Auch die Erziehungsleistung muss endlich anerkannt werden. Die FDP fordert zu diesem Zweck den Aufbau einer kapitalgedeckten Kinderrente. Dazu können die Mittel verwendet werden, die schon heute im Bundeshaushalt für Kindererziehungszeiten vorgesehen sind. Die finanzielle Förderung von Familien muss jedoch vorrangig im Steuerrecht erfolgen und darf nicht auf die spätere Rentenzahlung vertagt werden. Die Entlastung von Mitgliedern der sozialen Pflegeversicherung, die Kinder betreuen und erziehen, ist ebenfalls aus allgemeinen Steuermitteln zu finanzieren, die als Bundeszuschuss die Kindererziehungsleistung ausgleichen, indem in den ersten drei Lebensjahren ein Betrag in Höhe von jeweils 150 Euro für jedes gesetzlich pflegeversicherte Kind gezahlt wird. Die in dem von der FDP geplanten privatisierten Krankenversicherungssystem für Kinder zu zahlende Regelleistungsprämie wird ebenso über das Steuersystem finanziert, wie Kosten, die mit Schwangerschaft und Mutterschaft verbunden sind.

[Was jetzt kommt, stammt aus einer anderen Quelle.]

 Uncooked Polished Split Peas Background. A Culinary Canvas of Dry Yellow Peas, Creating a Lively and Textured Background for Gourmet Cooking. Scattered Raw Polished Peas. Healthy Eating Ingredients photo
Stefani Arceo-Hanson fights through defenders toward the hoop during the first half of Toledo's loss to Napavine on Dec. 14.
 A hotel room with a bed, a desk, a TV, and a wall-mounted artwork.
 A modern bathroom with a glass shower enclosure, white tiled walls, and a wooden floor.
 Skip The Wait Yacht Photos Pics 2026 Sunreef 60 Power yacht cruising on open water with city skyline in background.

Damit endlich private und berufliche Interessen von Eltern besser in Einklang gebracht werden können, fordert die FDP außerdem die Deregulierung und Flexibilisierung des deutschen Arbeitsmarkts. Dabei reicht eine Beschränkung auf traditionelle starre Teilzeitlösungen nicht aus. Eltern müssen sich auch dafür entscheiden können, eine Vollbeschäftigung zu erhalten - gleichzeitig oder im Wechsel mit reinen Familienphasen. Deshalb müssen kreative Modelle in Hinblick auf Arbeitsort und Arbeitszeit erleichtert und gefördert werden. Teleheimarbeit, Satellitenarbeit oder Wohnraumarbeit, sowie Jahres- und Lebensarbeitszeitkonten dürfen nicht länger etwas Exotisches bleiben. Auch gilt es, Ausbildung, Studium, sowie Fort- und Weiterbildung durch veränderte Rahmenbedingungen so zu gestalten, dass sie auch für Menschen mit Familienpflichten zugänglich sind. Damit erleichtern wir gerade Frauen den Wiedereinstieg in die Arbeitswelt und ins Bildungssystem nach der Elternzeit.

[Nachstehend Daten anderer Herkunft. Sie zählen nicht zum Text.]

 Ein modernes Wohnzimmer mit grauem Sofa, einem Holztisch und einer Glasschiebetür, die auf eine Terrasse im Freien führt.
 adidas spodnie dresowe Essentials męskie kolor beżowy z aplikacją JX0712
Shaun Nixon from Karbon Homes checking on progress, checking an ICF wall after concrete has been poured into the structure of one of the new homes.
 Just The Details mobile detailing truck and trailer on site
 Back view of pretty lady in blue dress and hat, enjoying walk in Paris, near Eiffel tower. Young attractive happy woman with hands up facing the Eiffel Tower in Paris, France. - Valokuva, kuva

Die FDP will das Adoptionsverfahren vereinfachen und beschleunigen. So muss es möglich sein, dass der Altersabstand zwischen Adoptiveltern und Kind künftig 35 Jahre überschreitet. Ebenso überholt ist die Vorschrift, dass im Fall der Adoption einer der Erziehungsberechtigten nicht berufstätig sein darf. Auch für Adoptionswillige müssen Familie und Beruf vereinbar sein, da eine wirtschaftliche Absicherung der Familie oft nicht anders möglich ist. Das Wohl des Kindes kann im Adoptionsverfahren auch trotz dieser Neuerungen gewahrt werden.
Die Veränderung von Rahmenbedingungen für Familien beginnt in den Köpfen der Menschen. Die deutsche Gesellschaft muss kinder- und familienfreundlicher werden. Dabei handelt es sich um einen langfristigen Prozess, auf den die Politik nur beschränkten Einfluss hat. Wir können aber dazu beitragen, indem wir auf emotionalisierte Debatten, ideologisch motivierte Standpunkte und Schwarz-Weiß-Malerei verzichten.
Jedenfalls ist es an der Zeit, das Verhältnis der Generationen zueinander neu zu überdenken. Die Würde von Kindern und Erwachsenen ist gleichwertig. Deshalb ist dem Schutz ihrer Persönlichkeit auch gleichermaßen Rechnung zu tragen. Kinder und Jugendliche sind Träger von Rechten und Pflichten, die wir Erwachsenen und die Gesellschaft als Ganzes ernst nehmen müssen.